# Records to process:

+++

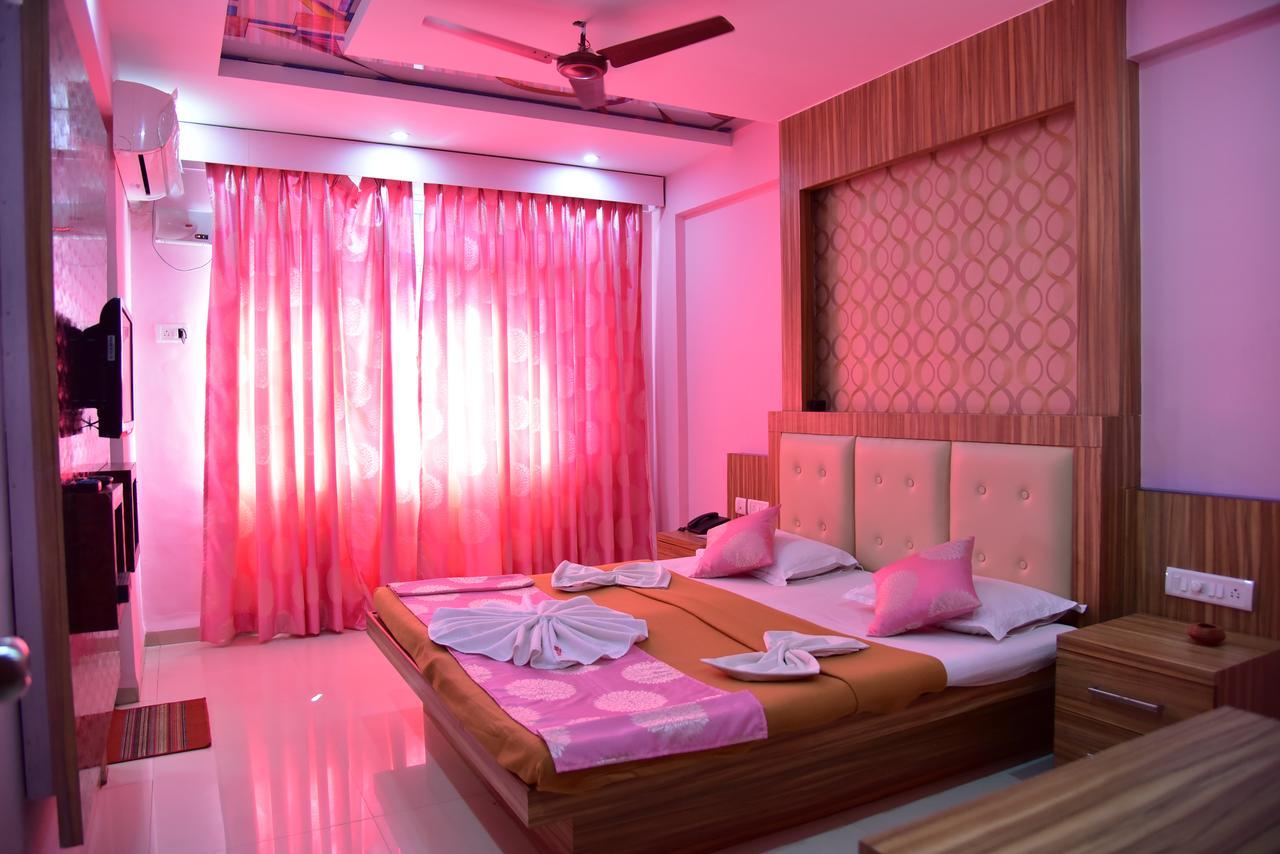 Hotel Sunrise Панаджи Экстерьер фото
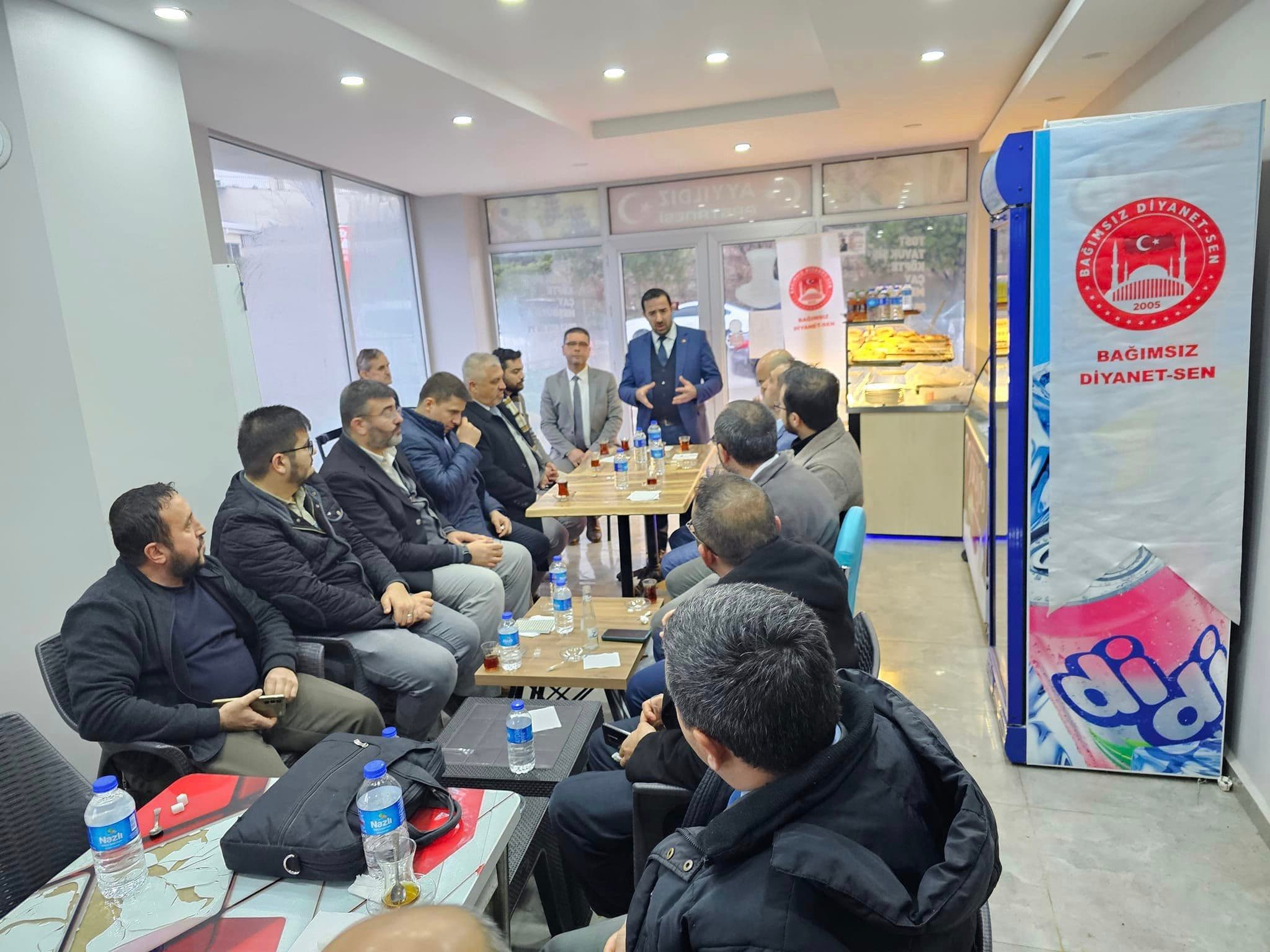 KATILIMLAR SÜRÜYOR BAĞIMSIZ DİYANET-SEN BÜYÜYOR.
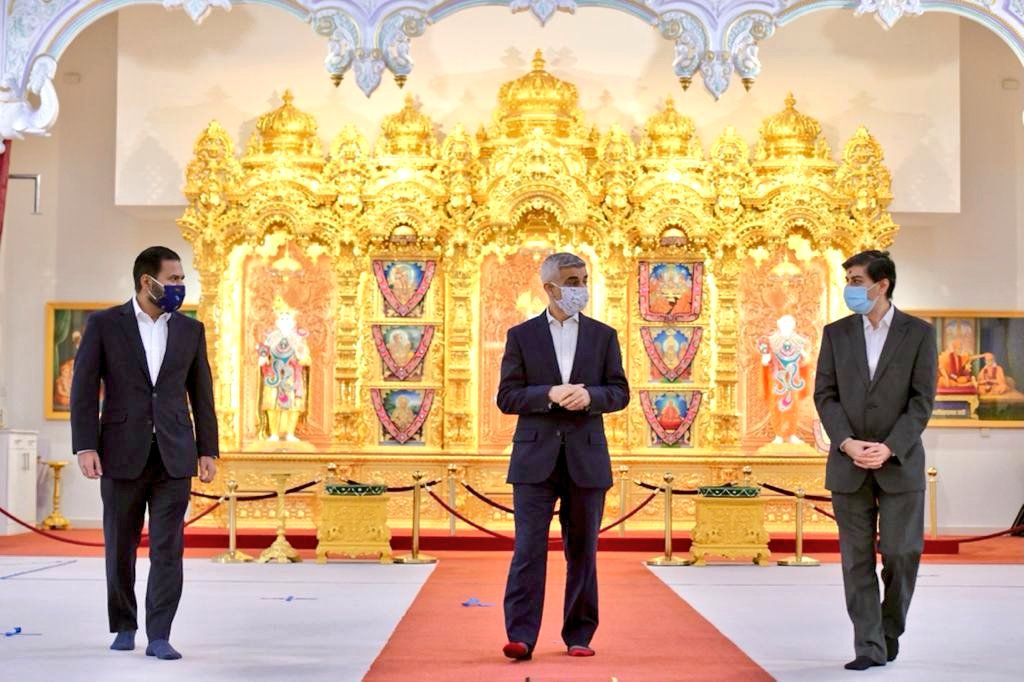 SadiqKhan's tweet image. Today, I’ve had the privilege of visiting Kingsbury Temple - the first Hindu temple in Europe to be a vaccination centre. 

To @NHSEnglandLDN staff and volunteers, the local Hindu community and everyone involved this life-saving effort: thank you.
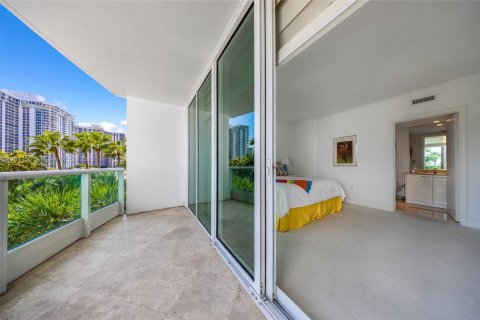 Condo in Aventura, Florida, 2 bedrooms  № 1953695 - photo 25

+++

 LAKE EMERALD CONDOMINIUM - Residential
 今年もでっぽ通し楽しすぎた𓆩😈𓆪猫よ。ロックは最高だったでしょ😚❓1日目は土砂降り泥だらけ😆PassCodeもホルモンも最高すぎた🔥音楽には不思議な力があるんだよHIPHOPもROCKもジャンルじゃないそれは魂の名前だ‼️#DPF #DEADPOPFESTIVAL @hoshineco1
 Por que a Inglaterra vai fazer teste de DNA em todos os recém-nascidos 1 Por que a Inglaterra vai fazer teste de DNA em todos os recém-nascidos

+++

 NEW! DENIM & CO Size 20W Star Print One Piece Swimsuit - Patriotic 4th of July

+++

# What you should do:
Using the listing above, restate exactly the range between the lines holding "To @NHSEnglandLDN staff" and "Condo in Aventura, Florida, 2", inclusive, with pictures left out.

# Result of this task:
To @NHSEnglandLDN staff and volunteers, the local Hindu community and everyone involved this life-saving effort: thank you.
 Condo in Aventura, Florida, 2 bedrooms  № 1953695 - photo 25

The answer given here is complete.